Sitting in Economics...


Walking in the direction of the endless hall of the second floor of the campus feels worthless. The bright incandescent light, the white parallel walls that don’t say anything, the coldness in the building…it is all organized, manipulated, stated; I don’t belong here. The class begins. The teacher starts talking about how the Fed has cut interest rates in order to impose an expansionary fiscal policy that would create money, put money into the economic system, which in cause will slow down or stop the recession that we are going through. He said it was pointless though, because apparently he is an expert. But now my pencil falls, in the middle of the class, in the middle of nowhere, where we are. The reaction hits, I put all my vigor in the thought, I compete against my own will, go down, and seize the pen, which was waiting for the right occasion to escape. My head then falls against one of those miserable walls. The wall rejects me, the pencil too. My eyes start to impose, they don’t like hearing all of this nonsense talking, they dislike the feeling of being tough unimportant things, lies, and they don’t like to be undermined.
So I wait for the right occasion to liberate my mind, to fly somewhere else where the walls aren’t white and parallel and straight and tall. I go to that part of my mind where there’s no reason, where things don’t necessarily make sense. And here I stay, I see the person that’s sitting behind me here, she seems to be in the same state of mine, I am relieved. She pulls out a notebook and starts writing, she vigorously writes, so intensively. The power in her hand takes over her; she struggles, but keeps writing. The blond hair on her face now blows against her black-painted eyes, cupid eyes. She looks at me, and smiles. I return the smile, and believe her. I believe her passion, the power of these true things, these true feelings. And she believes me too, she also believes how inconsiderate and repugnant supply and demand could be, how the consumer surplus is a total waste of people’s energy and time, how the allocation of resources is so unfair since not everyone really gets the same amount of anything, even though we’re all living in the same planet, under the same natural resources. And she blushes, she reddens because the feeling is mutual, because we both think that the ideals of economics go against our own, and we cover it with intelligence, knowledge and some self-control. Now my pen falls again, only that this time I don’t care. I let it be.
The teacher talks. He forcefully says: “It is not from the benevolence of the butcher, the brewer, of the baker, that we expect our dinner, but from the regard to their own interest” –Adam Smith. He says how the so-called “father of economics” put all of these words together, but how everyone could’ve done that.
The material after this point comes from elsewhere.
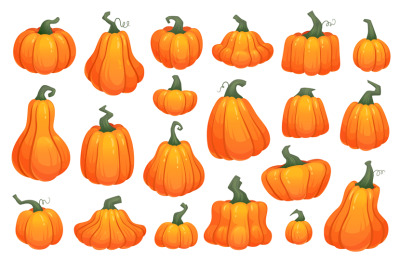 Cartoon crop squash. Pumpkin gourd fresh organic vegetable, orange aut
And I believe him too. He wants change and I can tell. But the change starts from within, and he is unhappy, he lies to himself because of all of these nonsense views about the world, the false perspective that economics is a social science that carries morals, because I truly believe it does not.
After navigating minds, I come back to my sit, where everything was just as I left them. I look around, my pencil on the floor, the impacted faces of everyone that eats the lecture, the presentation that just ended. I look back, the girl glances at me, she is back too. I get up, grab my pencil, and head to the door.